Boza içmeyi seviyorsanız uğramanız gereken bir bozacıdan bahsedeceğim size. Eğer hiç denemediyseniz mutlaka ama mutlaka gitmeniz gereken bir yer Vefa Bozacısı. Vefa Bozacısı’nın adını sağda solda görmüş veya duymuş olabilirsiniz.

Ürettikleri bozanın lezzetinden ötürü Türkiye de adı duyulmuş bir mekân kendisi. Dükkâna girer girmez dokusuyla geçmişin izlerini içinizde hissedebileceğiniz neredeyse hiç bozulmamış bir yer diyebiliriz.  İçerisinde sakladığı ve biriktirdiği tarihi günümüzde bir tarihi eser edasıyla korumakta.

Geçmişimizden gelen ve gelenekselleşmiş bir Türk içeceği olan bozanın günümüzdeki bilinen tadına getiren kişi Hacı Sadık Bey aynı zamanda Vefa Bozacısı’nda kurucusudur. 1870 yılında Arnavutluk Prizren’den İstanbul’a gelir. O dönemlerde sokaklarda 200’ e yakın sokak satıcısı tarafından farklı farklı tatlarda boza satılmaktadır. Kendi evinin altında bir imalathane açarak burada boza üretimine başlar. Bugünkü haliyle yani koyu kıvamlı ve açık sarı renkli çok hafif ekşimsi lezzeti keşfeder.

Altı yıl boyunca kış geceleri saray ve çevresinde satarak geçimini sağlar. Çevresinden aldığı beğeniler ve destekler üzerine 1876 yılının eylül ayında İstanbul’daki Vefa semtinde boza ürünün ilk resmi dükkanını açar. Bulunduğu semtten ötürü adı “Vefa Bozacısı” olur. Hacı Sadık Bey yıllar boyunca bozasını kıvamını ve kalitesini korumak amacıyla kendi elleriyle üretir ve daha sonraki zamanlarda oğlu İsmail Hakkı Vefa ile beraber üretirler.

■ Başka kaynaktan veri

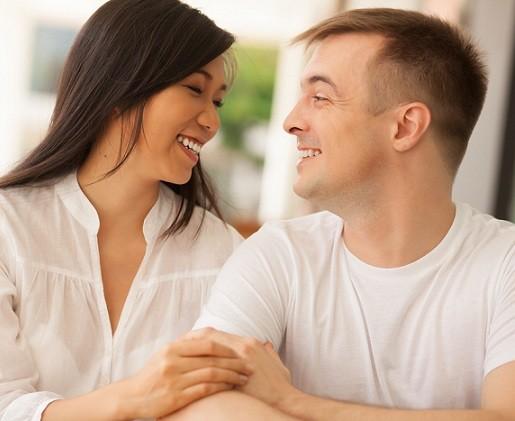 Rokoutsideview's tweet photo. What all interracial couples think they look like http://t.co/GVXNnaIG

1933’de Hacı Sadık, 1944’te de kardeşi Hacı İbrahim vefat eder. Onların yerine İsmail Hakkı Bey geçer. Tek başına imalatta zorlandığı ve daha standart üretim sağlayabilmek için bir torna ustasıyla beraber özel bir makine ürettir. 1928 yılından bu yana hala bu makine kullanılmaktadır.

Bu mekanla ilgili bir başka anı ise 18 Kasım 1937 tarihinde, Yaveri Salih Bozok’un anlatımı üzerine Atatürk de bu mekanı çok sevenler arasındaymış ve aklına geldiği anda soluğu hemen burada alırmış. Bu nedenle dükkâna girdiğinizde mermer duvarda Atatürk portresiyle beraber boza içtiği bardağı görebilirisiniz.

Hacı Sadık Bey ile başlayan bu yolculuk, bugün de 4. Nesil aile fertleriyle bozanın geleneksel damak tadını ve kalitesini korumak amacıyla devam ettirilmekte. Günümüzde burası, Vefa Lisesinin köşesinde olan, tarih kokan ve boza içebileceğiniz yer.

Artık İstanbul’un yerlisi için alışkanlık olarak gittiği, yabancısının ise tarihi görmek ve bozanın tadına bakabilmek için gittiği bir yer olmuş durumda Vefa Bozacısı. Eğer İstanbul’a yolunuz düşerse mutlaka gitmenizi öneriyor ve boza almadan hemen önce leblebinizi de almanızı tavsiye ediyoruz.